Withdrawals · On-chain · Hands-on tracing

Withdrawal not arrived? Take the TxID to a block explorer and find out

A withdrawal transaction shown on a block explorer, displaying its transaction hash and confirmation count
When a withdrawal doesn't show up, there's usually a trail to follow. A transfer that's gone on-chain has a status anyone can look up on a block explorer. Learn to check it and you stop panicking.

Late one evening a friend pinged me, clearly rattled: "I withdrew some USDT from Binance to another wallet, it's been over half an hour and still nothing, has it been swallowed?" I told him to stop guessing and send me the transaction hash for that withdrawal. One look it up on a block explorer and the status was written plain as day, on-chain, arrived, done. He just hadn't refreshed the new wallet and was still staring at the old balance. He reopened the app, pulled to refresh, and the money was sitting right there.

When a withdrawal "hasn't arrived," genuinely lost coins are the rare case. Far more often it's just the surface of things: not refreshed, not enough confirmations yet, or you simply checked the wrong place. This piece walks you through a check you can run yourself: first work out where it went, then use the transaction hash to look up exactly what happened on-chain, read the confirmations, and finally tell apart a false alarm from a real problem.

First split it: to another exchange, or to an on-chain wallet

Step one is always to work out where the money was actually sent, because the two cases are checked completely differently:

  • To another exchange or platform: the money lands in their deposit address, and whether it shows up is also subject to their crediting rules. On-chain arrival doesn't mean they'll display it instantly, they may still run their own confirmation and crediting process.
  • To your own on-chain wallet (MetaMask, a hardware wallet, etc.): the money goes straight to an on-chain address, and arrival depends entirely on the status of that on-chain transaction. This is the case best suited to checking yourself on a block explorer.

Telling these apart saves you a mountain of fruitless hunting. If it doesn't show at the other platform but the chain says "arrived," the place to ask is the other platform, not Binance.

i

An easily missed point: the balance shown by a wallet or platform sometimes doesn't refresh in real time. It's arrived on-chain, yet the app still shows the old number. Fully quit and reopen, or manually refresh the assets page first, and a lot of "didn't arrive" turns out to be exactly this kind of false alarm. Before you check the chain, do this easiest step first.
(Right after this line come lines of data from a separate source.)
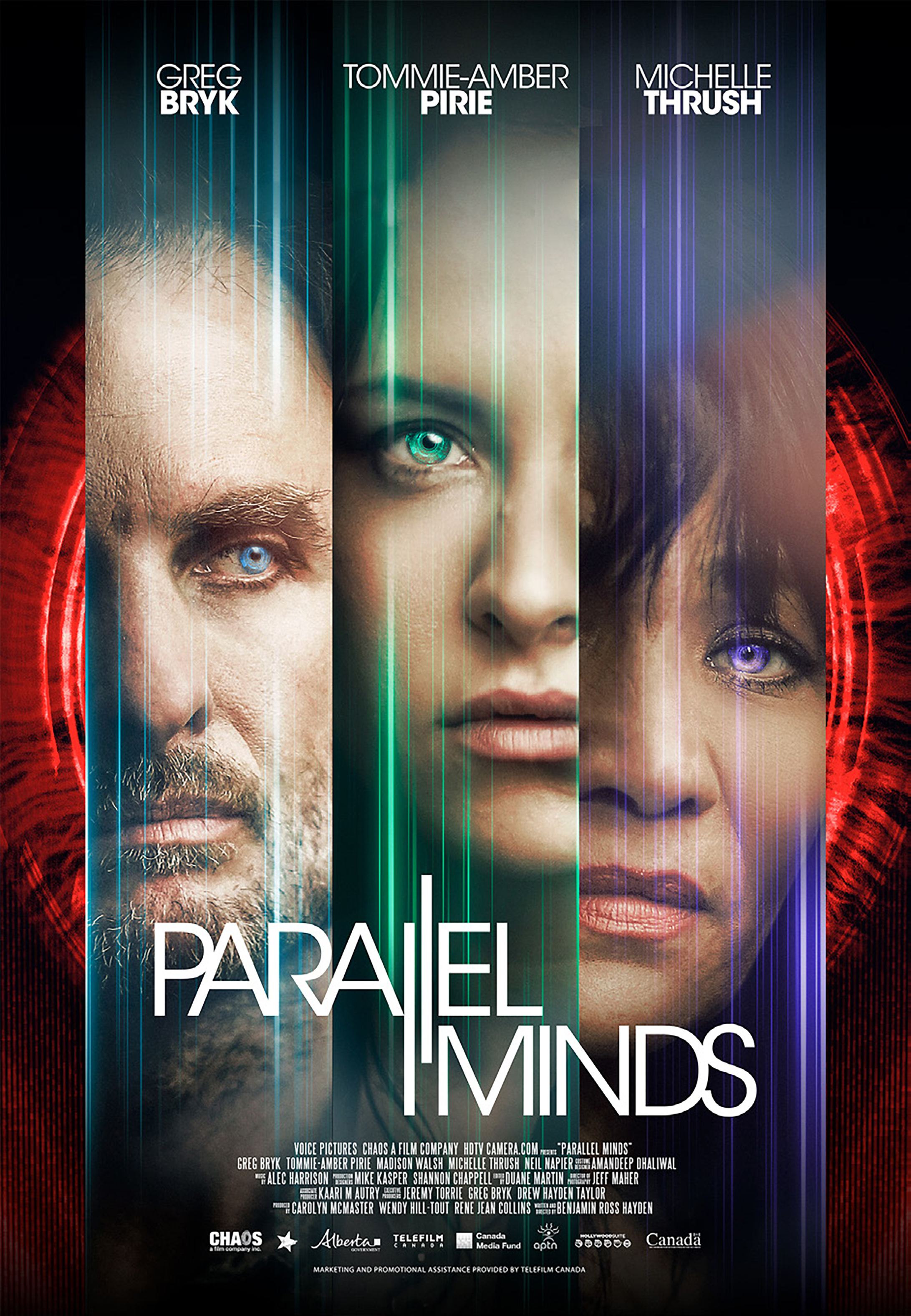 Greg Bryk, Michelle Thrush, and Tommie-Amber Pirie in Parallel Minds (2020)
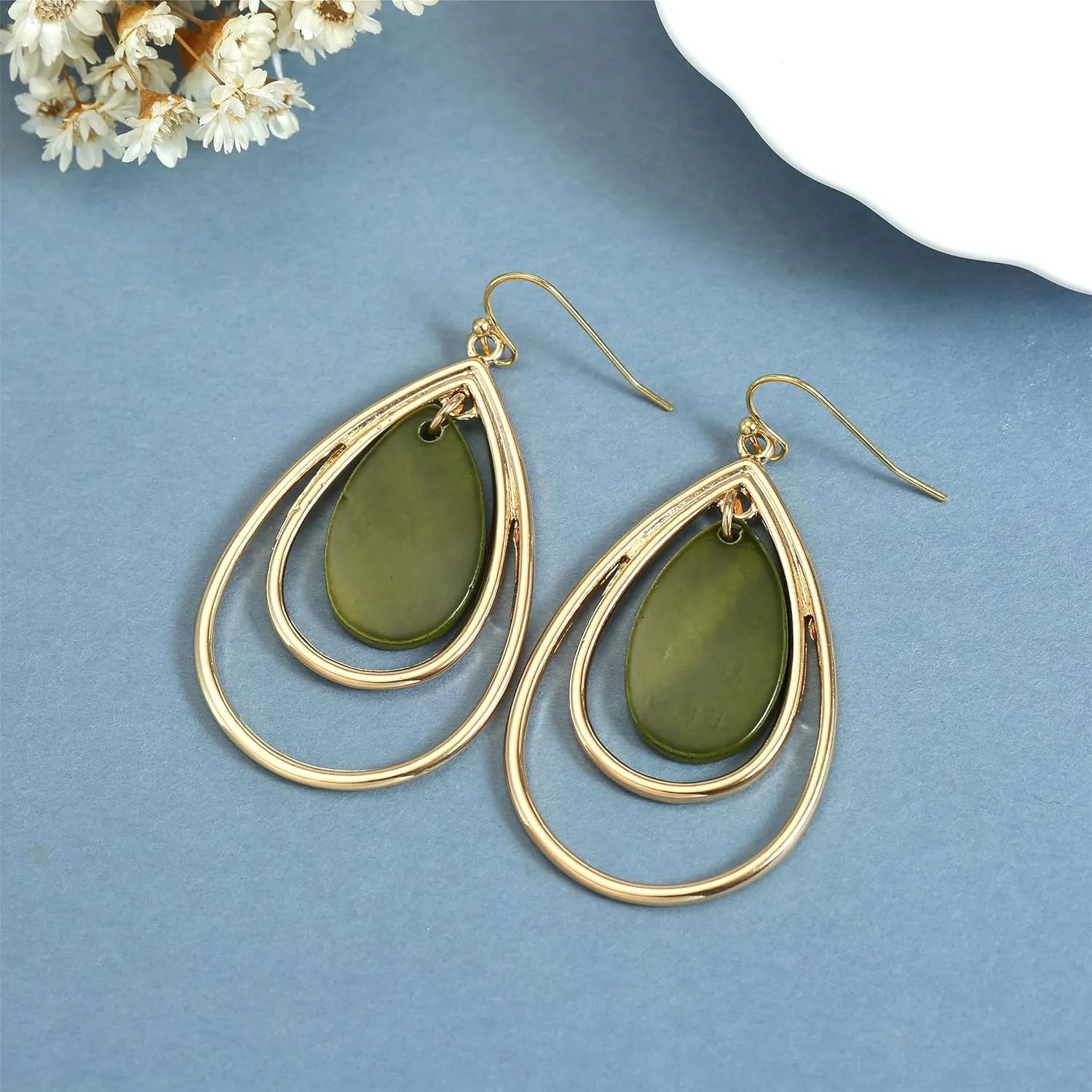 Waterdrop Beads Dangle Earrings for Women Boho Natural Shell Colorful Geometric Drop Statement Earrings for Western Women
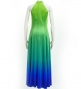 Hula Long Gradation Dress with Velvet / Luxury Collection / Yellow Green & Blue / J2711yegrbl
What a TxID is, and where to find it

The TxID (Transaction ID, the transaction hash) is the "ID number" of every on-chain transfer, a long string of letters and digits, unique across the whole network. With it, you can look up all the public status of that transaction on a block explorer: the sending and receiving addresses, the amount, the time, the confirmation count, success or failure. After a withdrawal succeeds, open that entry in your withdrawal history and you'll usually see a "transaction hash / TxID" field with a copy button beside it. Copy it and take it to the explorer.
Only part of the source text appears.